:: Task details ::
An exact restatement of the data below, with the pictures removed, is the required answer.

:: Given data ::
* * * * * * * * *

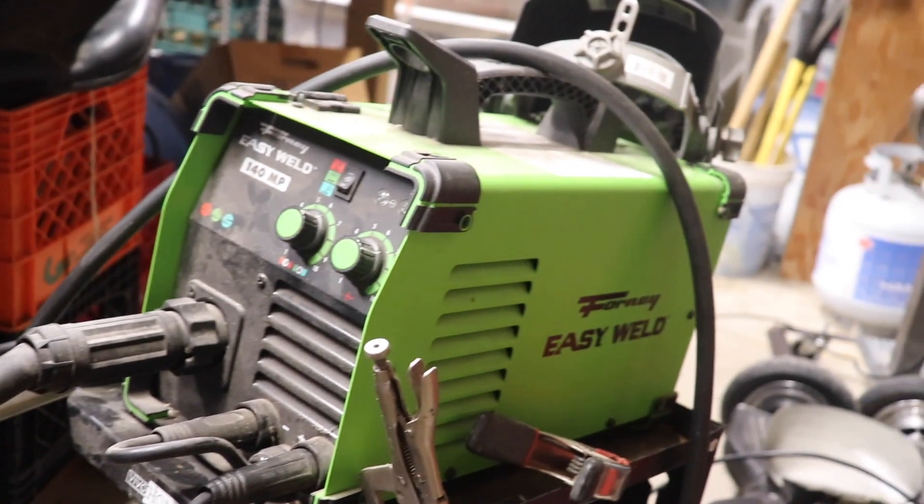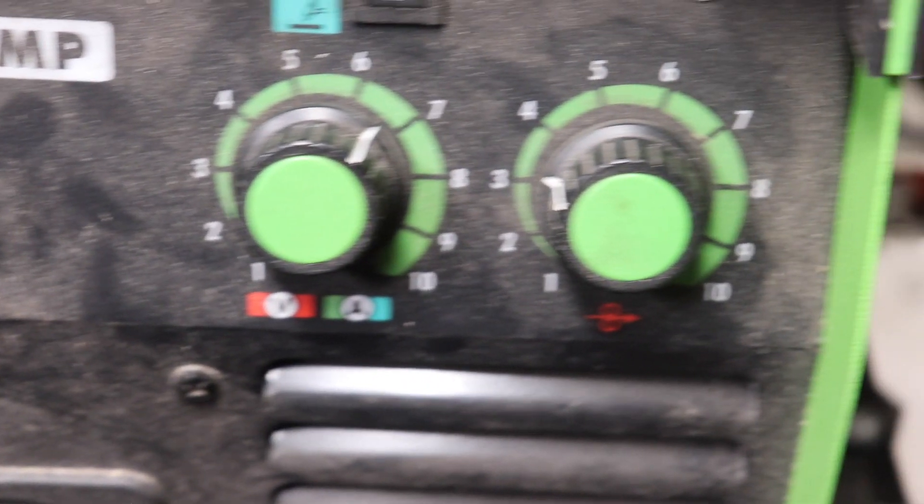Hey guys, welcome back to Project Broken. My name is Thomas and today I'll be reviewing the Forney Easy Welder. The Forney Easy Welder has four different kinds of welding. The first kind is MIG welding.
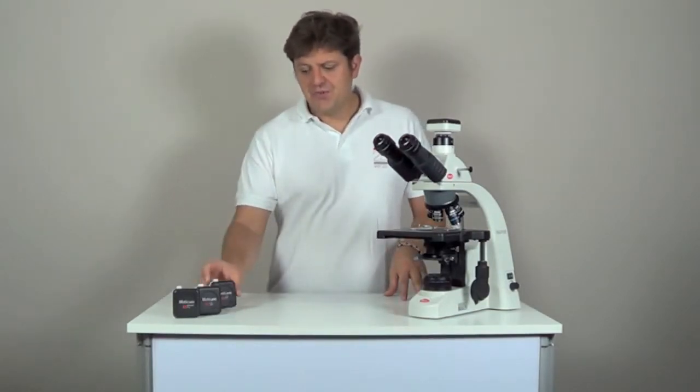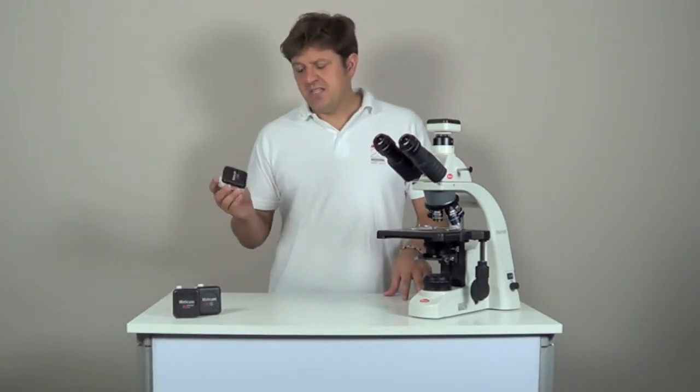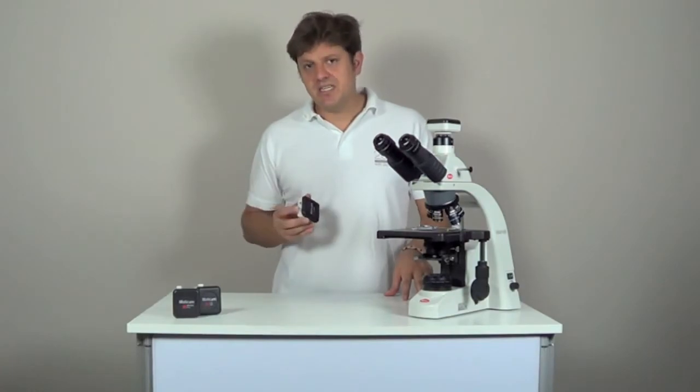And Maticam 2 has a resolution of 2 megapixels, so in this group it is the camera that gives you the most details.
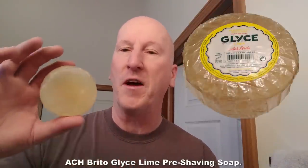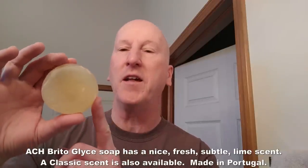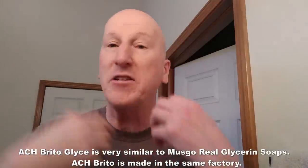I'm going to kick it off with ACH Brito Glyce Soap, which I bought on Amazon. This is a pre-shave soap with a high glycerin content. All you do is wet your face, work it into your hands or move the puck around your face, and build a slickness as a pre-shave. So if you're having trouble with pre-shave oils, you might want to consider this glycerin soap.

* * * * * * * * *

:: Solution to this exercise ::
Hey guys, welcome back to Project Broken. My name is Thomas and today I'll be reviewing the Forney Easy Welder. The Forney Easy Welder has four different kinds of welding. The first kind is MIG welding.
And Maticam 2 has a resolution of 2 megapixels, so in this group it is the camera that gives you the most details.
I'm going to kick it off with ACH Brito Glyce Soap, which I bought on Amazon. This is a pre-shave soap with a high glycerin content. All you do is wet your face, work it into your hands or move the puck around your face, and build a slickness as a pre-shave. So if you're having trouble with pre-shave oils, you might want to consider this glycerin soap.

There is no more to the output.